The Defence Minister hasn't given up his ambition to become PM, but it won't happen in this government

October 28, 2021 15:50
Benny Gantz bw F210905YS05
Minister of Defense Benny Gantz arrives to a cabinet meeting at the Prime Minister's Office in Jerusalem on September 5, 2021. Photo by Yonatan Sindel/Flash90
6 min read

If all goes to plan, in the early hours of Thursday morning, the members of the Knesset, after a long filibustered debate, will have pressed the voting buttons in front of them and Israel’s state budget for 2021-22 will have passed its final readings. For the first time in nearly two years, the Israeli government will no longer be working on fiscal auto-pilot, and a long period of political and financial instability will finally be over. That is if all goes to plan and the leaders of the eight parties in government can ensure that all their members are present and voting according to the coalition agreement.

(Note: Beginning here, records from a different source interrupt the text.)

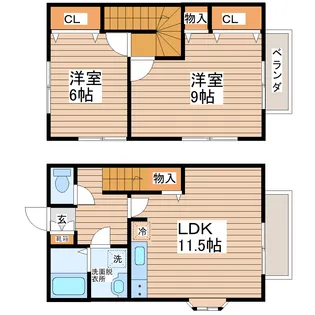 シャイニングパレスII【2階】の間取り
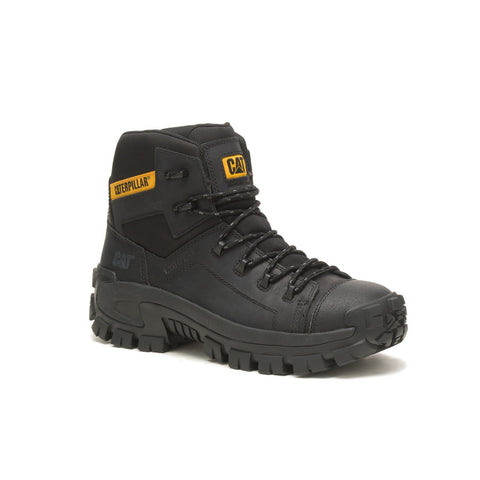 Caterpillar Invader Hiker Waterproof Composite Toe Mens Black Work Boots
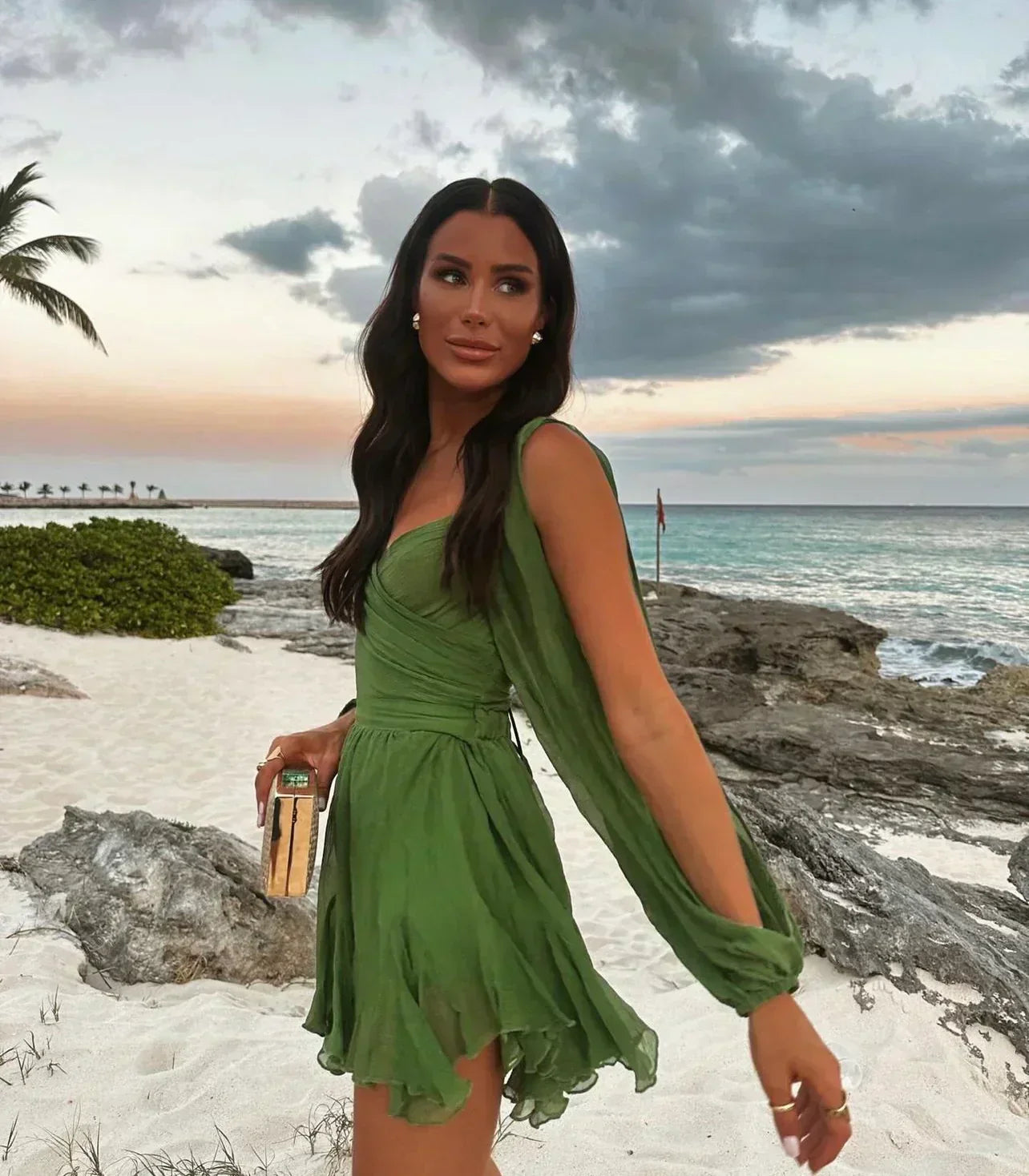 Layla™ | Playful Mini Dress with Balloon Sleeves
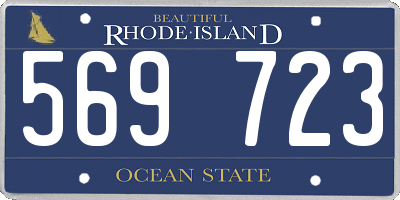 RI license plate 569723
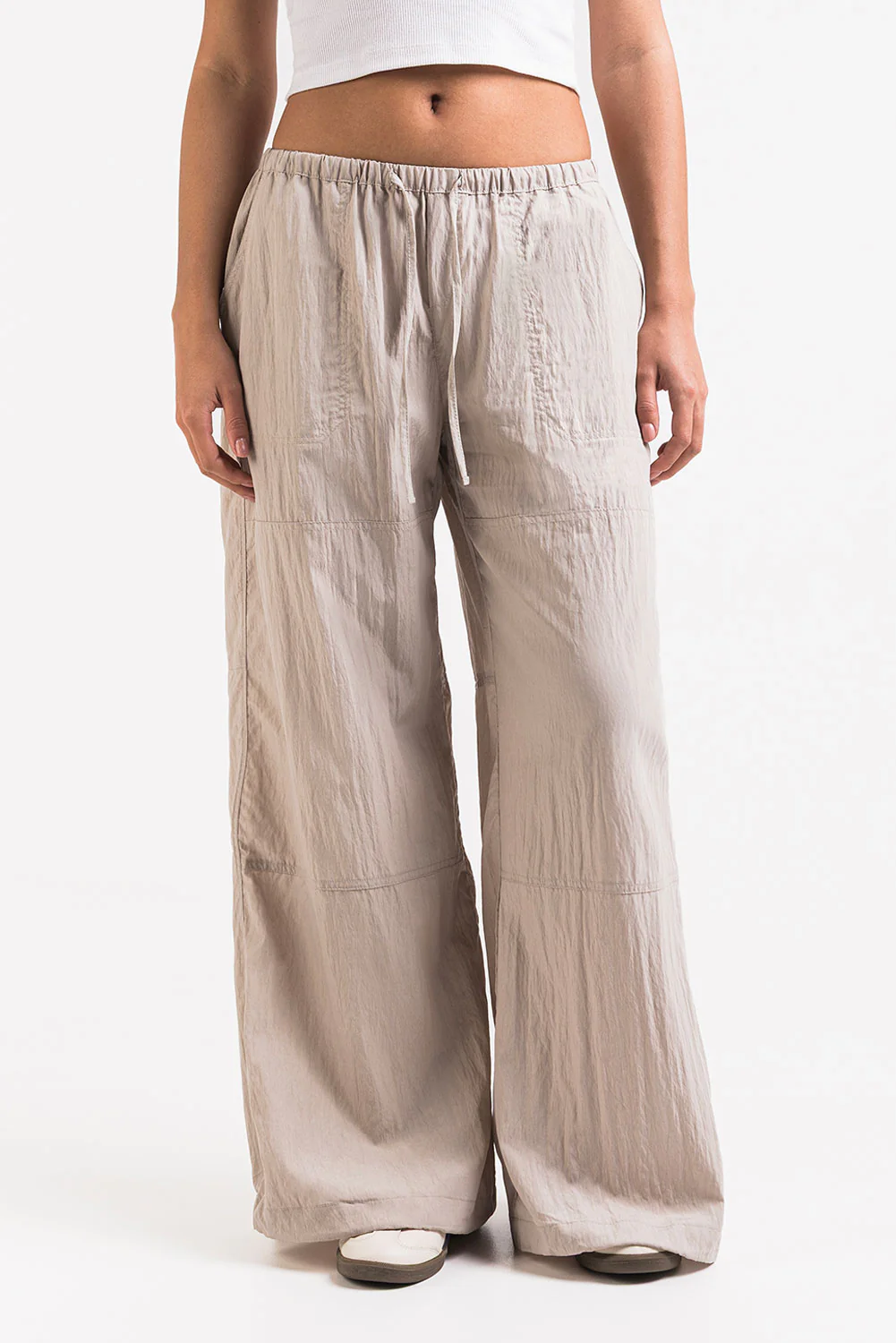 Juno 01Low Extra Vida Parachutebyxor - Beige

Near the end of this week, they seemed reasonably confident all the clauses of the 885 billion shekel (£200 billion) budget for the year which is nearly over and for the next 12 months were agreed. Not every spending item was easily palatable to the coalition partners. The left had to swallow funding for West Bank settlements and the right agreed to allocating money to illegally constructed Bedouin townships in the Negev which they believe are eroding the state’s authority. But that is the nature of this polyglot coalition.

Naftali Bennett’s government will have reached the closest thing it has to a safe haven; 143 days after it was inaugurated, it has defied the expectations of many by making it this far. In the last four and a half months, despite a majority of only two MKs, it has lost only three votes, passed most legislation it planned and with a budget passed before the deadline on 14 November, which would have triggered a new election, will be reasonably secure. The next budget deadline is June 2023. Even opposition leader Benjamin Netanyahu, who promised on the day he was forced out of office “we will be back soon,” admitted last week it could take “two weeks or three and a half years,” until Likud make it back.